PLYMOUTH, Mich. — Women’s hockey took a step forward and a step back in the span of a day this week.
Over 100 players in and outside the United States national team pool exercised collective power to wring financial concessions out of USA Hockey.
They used participation in the women’s world championship in Plymouth, Mich., as their hammer.
"Certainly a historic day in women’s sport on Tuesday night," U.S. captain Meghan Duggan said. "I can only hope women continue to stand up and fight for things and move the needle in that aspect."
Less than 24 hours later, the University of North Dakota swung the axe on its Division 1 women’s hockey team along with the men’s and women’s swim teams due to budget constraints.
Seven Canadians, including national team defenceman Halli Krzyzaniak, played for UND this season.
Eight current and former Fighting Hawks are representing four countries at the world championship that opened Friday at USA Hockey Arena.

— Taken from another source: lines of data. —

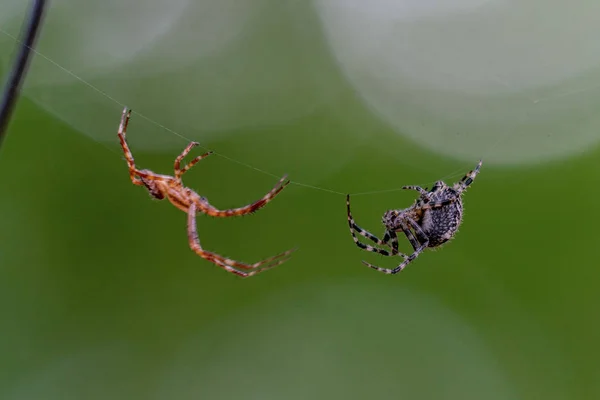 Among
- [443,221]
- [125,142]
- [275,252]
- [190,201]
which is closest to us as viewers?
[125,142]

Krzyzaniak, a senior, called the elimination of her team of the last four years "a disgrace."
"For the Americans, that was a huge step forward for them as a country, but then coming back to the UND decision, I just feel like that’s so disappointing," the 22-year-old from Neepawa, Man., said.
"With only 35 Division 1 programs and to cut one of them when hockey was still growing, I think that’s just unacceptable. They need to invest more in it."

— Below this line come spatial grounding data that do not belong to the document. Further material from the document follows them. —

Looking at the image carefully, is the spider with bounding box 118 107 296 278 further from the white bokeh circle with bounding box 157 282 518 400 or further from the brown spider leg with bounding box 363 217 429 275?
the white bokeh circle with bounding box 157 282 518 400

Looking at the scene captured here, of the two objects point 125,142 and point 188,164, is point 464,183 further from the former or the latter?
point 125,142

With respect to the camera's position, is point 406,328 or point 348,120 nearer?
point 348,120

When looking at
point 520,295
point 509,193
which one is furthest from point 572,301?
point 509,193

The NCAA and Canadian university hockey are feeders into the Canadian Women’s Hockey League and the National Women’s Hockey League.
Those are also the places where many women take their game to the next level after minor hockey, and are the jumping off points to their respective national teams.
The CWHL isn’t yet paying players a salary. The NWHL cut salaries in half to a maximum of $13,000 in its second season this winter to make payroll.
The battle continues in women’s hockey on how to generate the money to create a product that sustains players as paid professionals.
On the international front, the International Ice Hockey Federation committed in 2010 to spend C$2.1 million promoting and developing women’s hockey for the next four years.
But the women have arrived at a world championship that pays zero prize money in comparison to the hundreds of thousands in the prize purse at the men’s world championship.
The prize money is split on an escalating scale between the top eight teams in the men’s tournament.
When Canada won the men’s world title in 2015, they received an additional bonus of one million Swiss francs (C$1.3 million) from a sponsor for going undefeated though that tournament.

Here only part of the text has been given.